City officials say contract with lobbyist is paying off for CentervilleOct 06, 2022 11:23AM ● By Linda Petersen
The city of Centerville has renewed its contract with federal relations consulting firm, The Ferguson Group. It is a relationship that has been very beneficial to the city, Administrative Services Director Jacob Smith told the city council Sept. 13.
Centerville first began contracting with The Ferguson Group two years ago. Since that time, the firm has helped the city obtain a $75,000 Bureau of Reclamation water efficiency grant for water meter and radio installation. It has also helped the city acquire $1.5 million from congressionally directed spending, (more commonly known as earmarks), toward replacement of the Green Steel Tank, an aging city water storage tank. Another grant application is pending with the Bureau of Reclamation.

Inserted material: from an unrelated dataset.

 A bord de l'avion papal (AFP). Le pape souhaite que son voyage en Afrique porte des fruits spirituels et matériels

The city pays The Ferguson Group a fixed fee of $5,000 per month and covers reimbursable expenses such as travel up to $2,500 annually. Along with helping the city find and qualify for various federal grants, The Ferguson Group has helped the city engage more fully with Utah’s congressional delegation, TFG partner Mike Miller told the city council. It also works to help the city identify private foundation grants for some projects that do not qualify for federal funding, he said.
“I think it has been a success with The Ferguson Group,” City Councilmember George McEwan said. “When we originally entered into this engagement, we had some specifics. We said ‘we need to figure out how to get rid of the Green Steel Tank and replace it’ – they came through in spades on that one – and we gave them a whole shotgun list of other things that we said, ‘Hey you’re in the grant community. If you see anything that matches these, please let us know.’ So, from my perspective, when you look at cost output … based on where we stand right now … if the earmark holds, we’re good.”

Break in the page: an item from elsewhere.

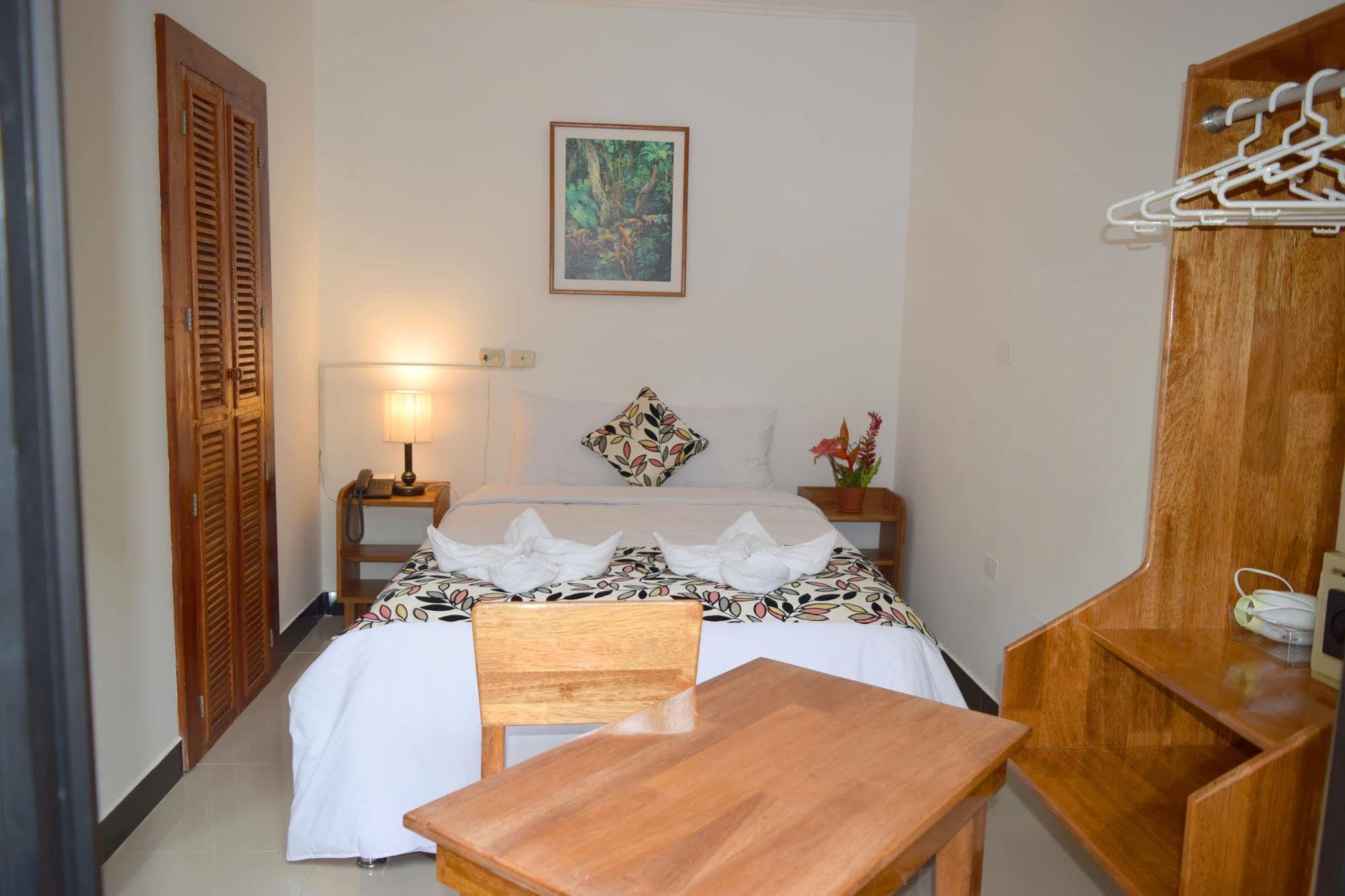 Hotel Jungle House Iquitos Exterior photo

In the work session prior to that meeting Miller told the council that there is more funding than ever before available for various projects.

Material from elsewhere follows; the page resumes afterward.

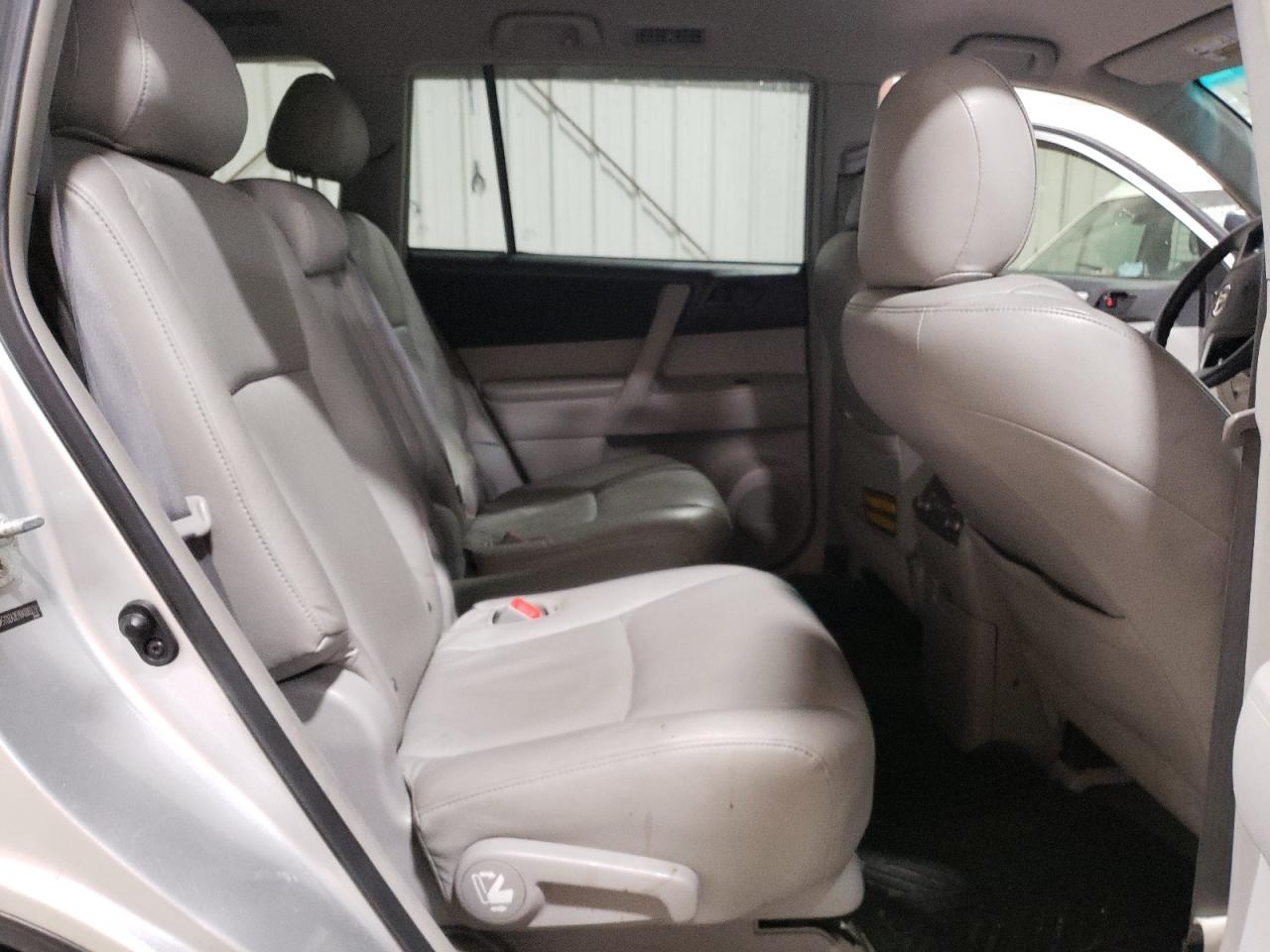 2010 Toyota Highlander - Image 11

“The pie is much, much larger than it once was,” he said. “There is an incredible amount of funding when you compare it to prior years. In some cases, 10, 15, 20 times as much money is available for certain programs. The city is well-positioned to do well” provided the criteria meets the city’s situation.
While in the past, federal agencies have followed a very rigid calendar with dispensing grants, with recent changes, currently the grant cycle not really tied to federal fiscal year, he added.